Power Functions: Variable as Base
y = xⁿ
- n = 1: straight line through origin
- n = 2: parabola
- n = 3: cubic curve
- n = 1/2: square root (half-parabola)
- n = -1: hyperbola (1/x)
How to Plot Any Graph: Step-by-Step
Step 1: Identify the Equation Type
Linear? Quadratic? Exponential? This determines the shape before you plot a single point.
Step 2: Find Key Points
- Y-intercept: set x = 0, solve for y
- X-intercepts: set y = 0, solve for x
- Vertex (for quadratics): use -b/2a for x-coordinate
- Domain restrictions: check for values that cause division by zero or negative square roots
Step 3: Create a Value Table
Pick 5-7 x-values. Plug them in. Record y-values. Plot the points.
Step 4: Connect the Dots
- Linear equations: straight line through any two points
- Quadratic: smooth U-curve through the vertex
- Exponential: curved, asymptotic to axes
- Trigonometric: wave pattern connecting key points
Step 5: Check Your Work
Does the graph match the expected shape? Are intercepts correct? Does the domain make sense?
Graphing Tools Comparison
| Tool | Best For | Cost | Learning Curve |
|---|---|---|---|
| Desmos | Quick plots, interactive exploration | Free | Low |
| GeoGebra | Advanced geometry + algebra | Free | Medium |
| Matlab | Engineering, heavy computation | Paid | High |
| Python (Matplotlib) | Automation, data visualization | Free | Medium-High |
| TI-84 Calculator | Standard exams, quick checks | Paid | Low |
Common Mistakes to Avoid
- Forgetting the negative sign in vertex form — (x + 3)² actually means x - (-3)

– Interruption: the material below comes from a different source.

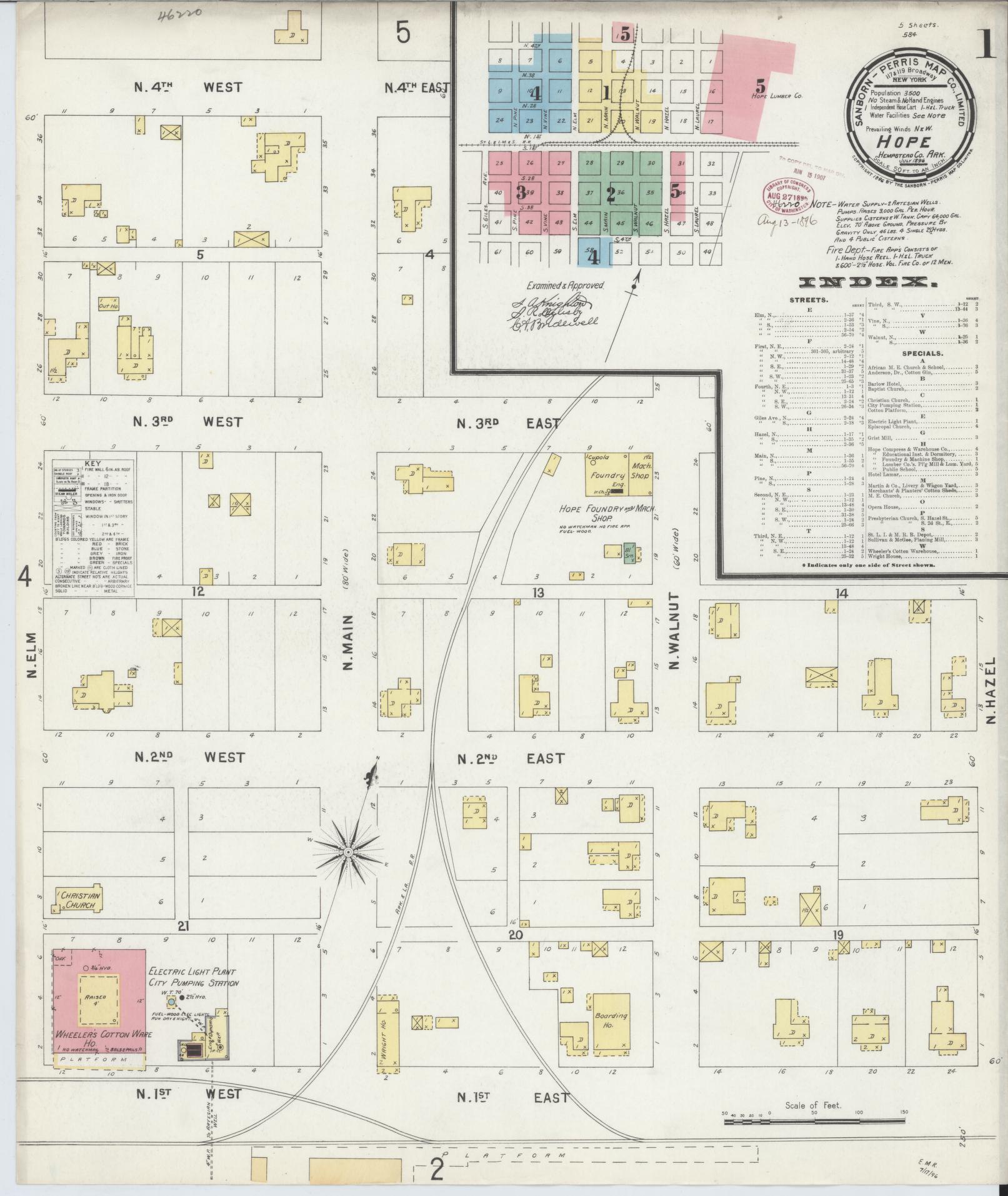Sanborn Fire Insurance Map from Hope, Hempstead County, Arkansas (1896), Sheet #0001 - Historic Sanborn Fire Insurance Map Print, vintage old map wall art, antique decor, genealogy gift, Arkansas Arkansas map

- Misidentifying the slope — rise first, then run
- Ignoring the domain — you can't take log of a negative number or square root of negative numbers (in real graphs)
- Plotting too few points — especially for curves, you need enough to catch the shape
- Confusing correlation — a line through points doesn't prove causation
Quick Reference: Equation to Shape
| Equation Type | Form | Shape |
|---|---|---|
| Linear | y = mx + b | Straight line |
| Quadratic | y = ax² + bx + c | Parabola (U-shape) |
| Cubic | y = ax³ + bx² + cx + d | S-curve |
| Exponential | y = a·bˣ | J-curve |
| Logarithmic | y = log(x) | Slow rise, asymptotic |
| Sine/Cosine | y = A·sin(Bx) | Wave |
| Circle | x² + y² = r² | Circle |
Final Word
Graph formulas aren't magic. They're descriptions of patterns. Learn to recognize what each equation produces visually, and you'll never struggle with plotting again.